**** DATASET ENTRIES ****

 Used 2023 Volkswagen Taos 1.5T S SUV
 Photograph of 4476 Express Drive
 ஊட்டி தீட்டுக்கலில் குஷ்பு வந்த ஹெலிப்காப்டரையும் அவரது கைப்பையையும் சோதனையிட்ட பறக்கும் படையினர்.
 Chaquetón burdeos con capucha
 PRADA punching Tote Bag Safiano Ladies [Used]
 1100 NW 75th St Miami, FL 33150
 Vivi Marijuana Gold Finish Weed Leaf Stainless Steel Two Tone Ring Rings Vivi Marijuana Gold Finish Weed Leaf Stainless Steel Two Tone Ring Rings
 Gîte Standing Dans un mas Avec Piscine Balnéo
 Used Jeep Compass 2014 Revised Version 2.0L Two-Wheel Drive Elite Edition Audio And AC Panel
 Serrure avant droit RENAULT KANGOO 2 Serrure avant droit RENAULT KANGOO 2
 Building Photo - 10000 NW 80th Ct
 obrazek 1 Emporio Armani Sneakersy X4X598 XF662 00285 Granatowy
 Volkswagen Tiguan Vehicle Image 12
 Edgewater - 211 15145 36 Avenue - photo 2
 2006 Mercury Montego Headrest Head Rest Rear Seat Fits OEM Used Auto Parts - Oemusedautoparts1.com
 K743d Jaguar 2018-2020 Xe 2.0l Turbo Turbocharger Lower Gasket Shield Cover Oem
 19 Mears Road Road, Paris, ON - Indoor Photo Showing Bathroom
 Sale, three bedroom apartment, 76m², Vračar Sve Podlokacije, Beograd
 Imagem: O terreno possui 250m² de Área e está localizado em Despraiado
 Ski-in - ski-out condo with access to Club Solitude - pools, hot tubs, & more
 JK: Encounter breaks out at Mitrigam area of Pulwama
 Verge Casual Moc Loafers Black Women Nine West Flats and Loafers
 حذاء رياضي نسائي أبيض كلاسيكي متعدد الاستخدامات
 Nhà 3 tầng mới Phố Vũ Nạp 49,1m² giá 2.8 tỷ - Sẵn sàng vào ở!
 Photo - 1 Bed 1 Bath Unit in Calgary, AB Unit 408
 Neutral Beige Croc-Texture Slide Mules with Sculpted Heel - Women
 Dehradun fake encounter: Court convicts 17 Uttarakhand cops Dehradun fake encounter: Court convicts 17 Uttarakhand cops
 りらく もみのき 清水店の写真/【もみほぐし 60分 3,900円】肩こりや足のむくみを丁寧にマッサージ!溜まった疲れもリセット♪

****

▶ **WORK INSTRUCTION**
Write out, from the lines above, only those from the line with "Chaquetón burdeos con capucha" to the line with "Volkswagen Tiguan Vehicle Image 12", exactly as given, including the first and the last.

▶ **WRITTEN SOLUTION**
 Chaquetón burdeos con capucha
 PRADA punching Tote Bag Safiano Ladies [Used]
 1100 NW 75th St Miami, FL 33150
 Vivi Marijuana Gold Finish Weed Leaf Stainless Steel Two Tone Ring Rings Vivi Marijuana Gold Finish Weed Leaf Stainless Steel Two Tone Ring Rings
 Gîte Standing Dans un mas Avec Piscine Balnéo
 Used Jeep Compass 2014 Revised Version 2.0L Two-Wheel Drive Elite Edition Audio And AC Panel
 Serrure avant droit RENAULT KANGOO 2 Serrure avant droit RENAULT KANGOO 2
 Building Photo - 10000 NW 80th Ct
 obrazek 1 Emporio Armani Sneakersy X4X598 XF662 00285 Granatowy
 Volkswagen Tiguan Vehicle Image 12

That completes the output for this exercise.